§ Task objective:
Repeat the records below exactly, from the first line through the line containing "Tabla de tallas", and leave out any pictures.

§ Extracted records:
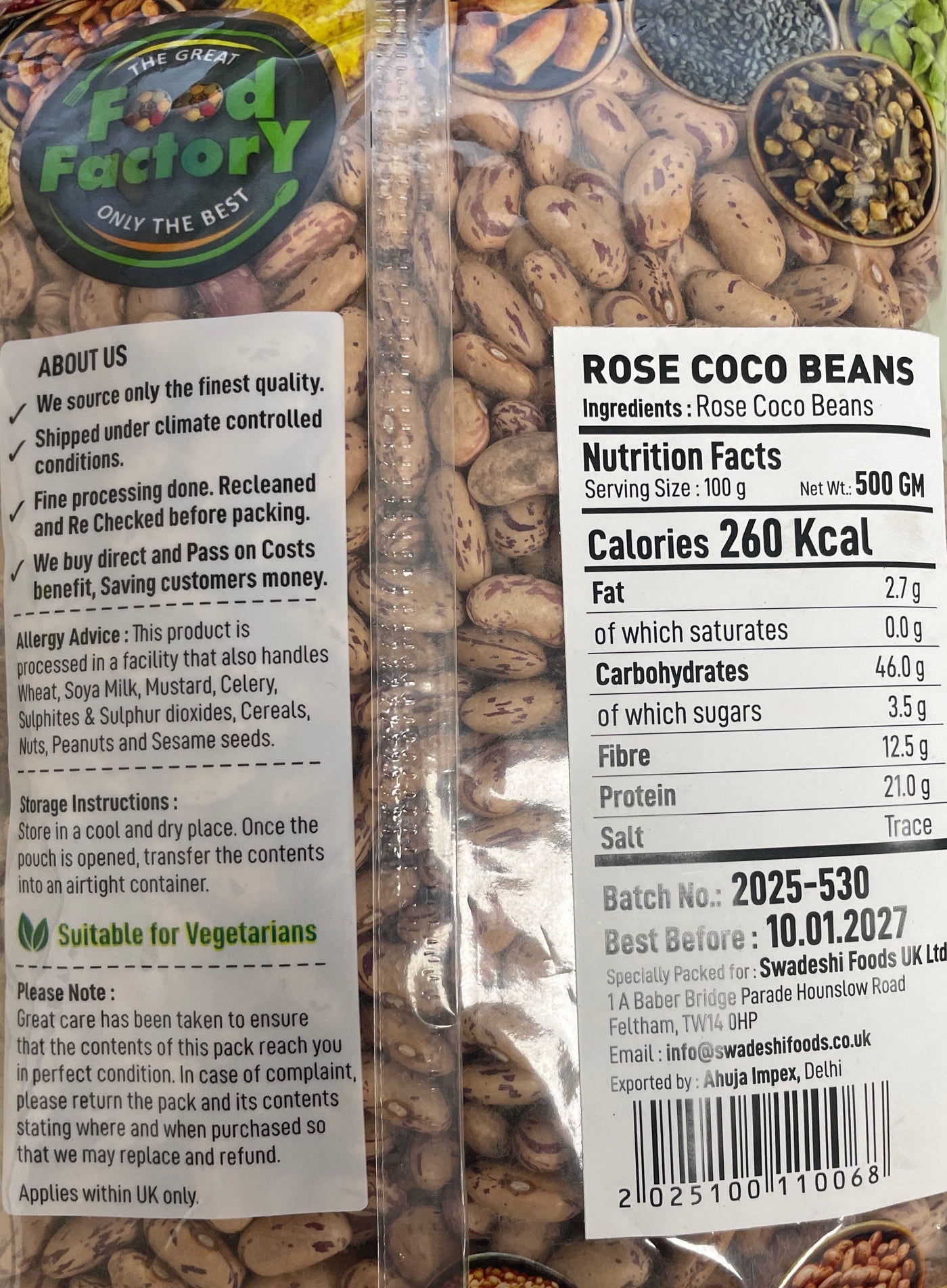 Food Factory Beans Rose Coco Rajmah 500g - Image 2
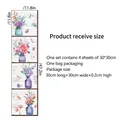 Tabla de tallas detallada para set de 4 vinilos decorativos de flores de 30x30cm - Estilo Jarrón Flores Acuarela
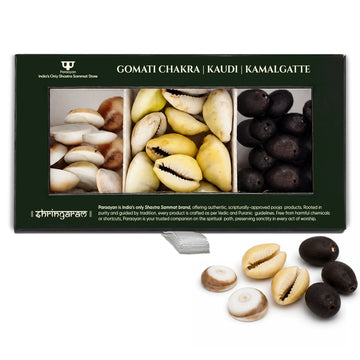 Paraayan Gomati Chakra, Peeli Kaudi & Kamalgatte Puja Set | 11 Pieces Each | Traditional Lakshmi Ganesh Puja Samagri | For Diwali, Dhanteras, Lakshmi Puja & Daily Worship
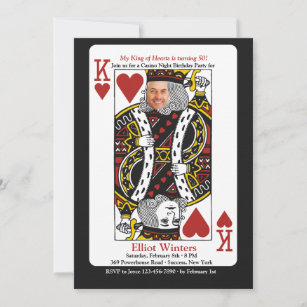 King of Hearts Casino Night Photo Invitation
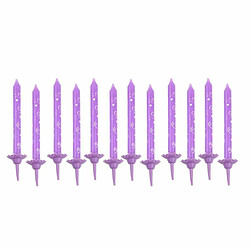 Paris Prix Lot de 12 Bougies d'Anniversaire Arabesques 6cm Prune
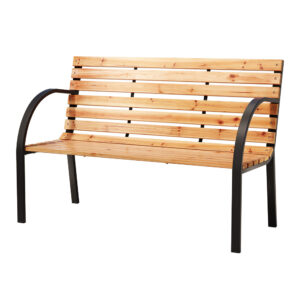 Gardeon Outdoor Garden Bench Seat 120cm Wooden Steel 2 Seater Patio Furniture Natural product image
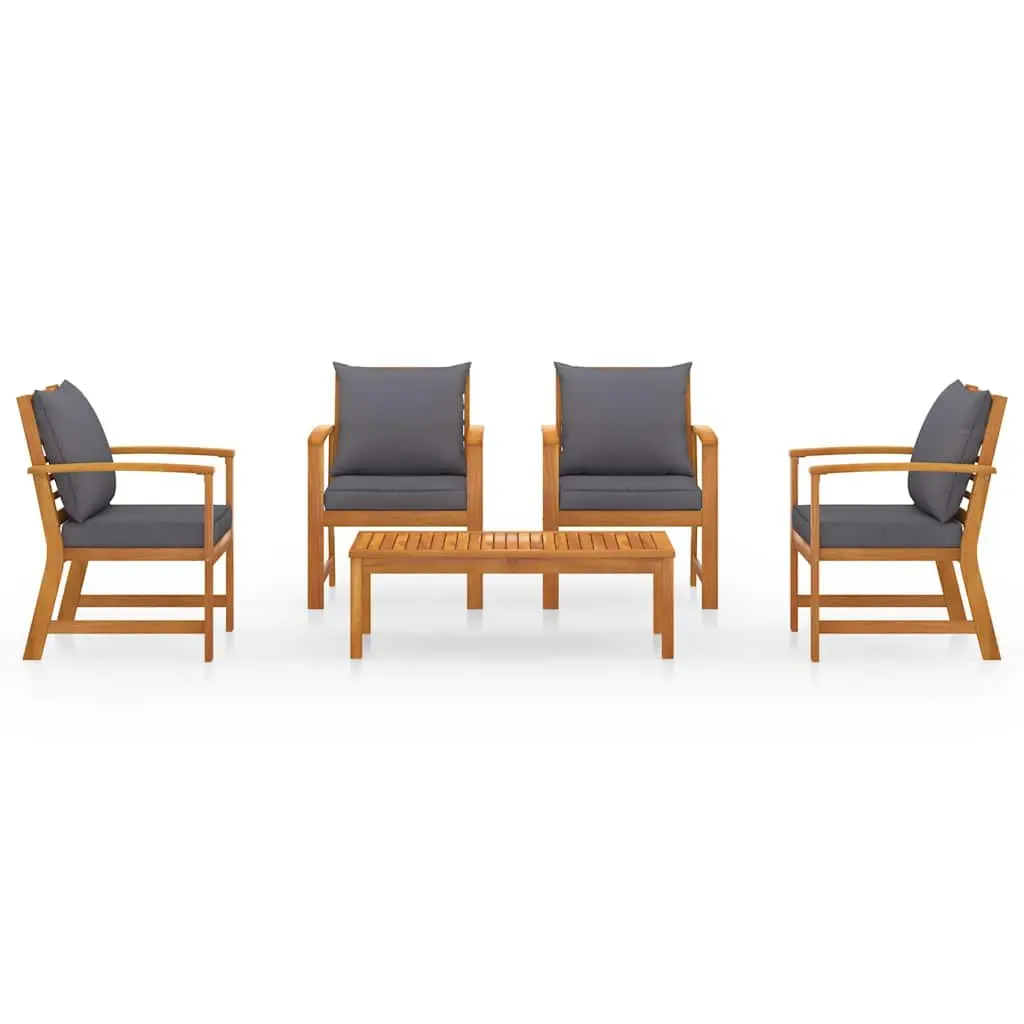 5 Piece Garden Lounge Set Outdoor Furniture Acacia Wood Sofa Coffee Table Grey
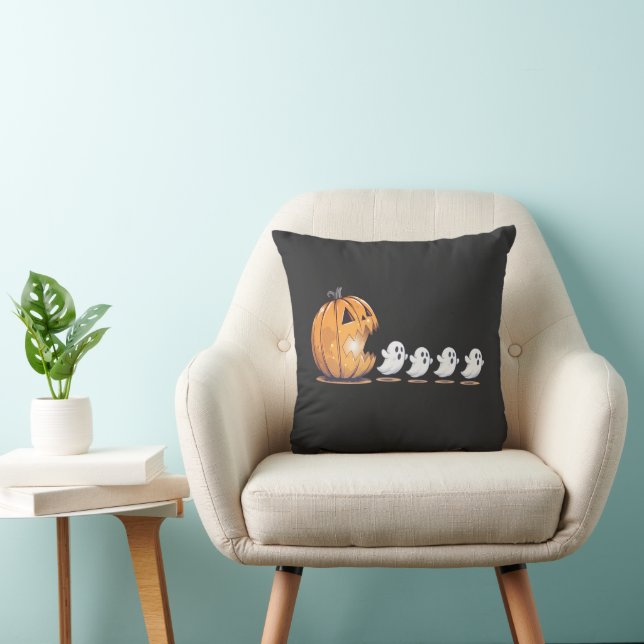 Coussin Halloween Pumpkin Chasing Ghost Png, Halloween  (Chaise)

§ Output below:
 Food Factory Beans Rose Coco Rajmah 500g - Image 2
 Tabla de tallas detallada para set de 4 vinilos decorativos de flores de 30x30cm - Estilo Jarrón Flores Acuarela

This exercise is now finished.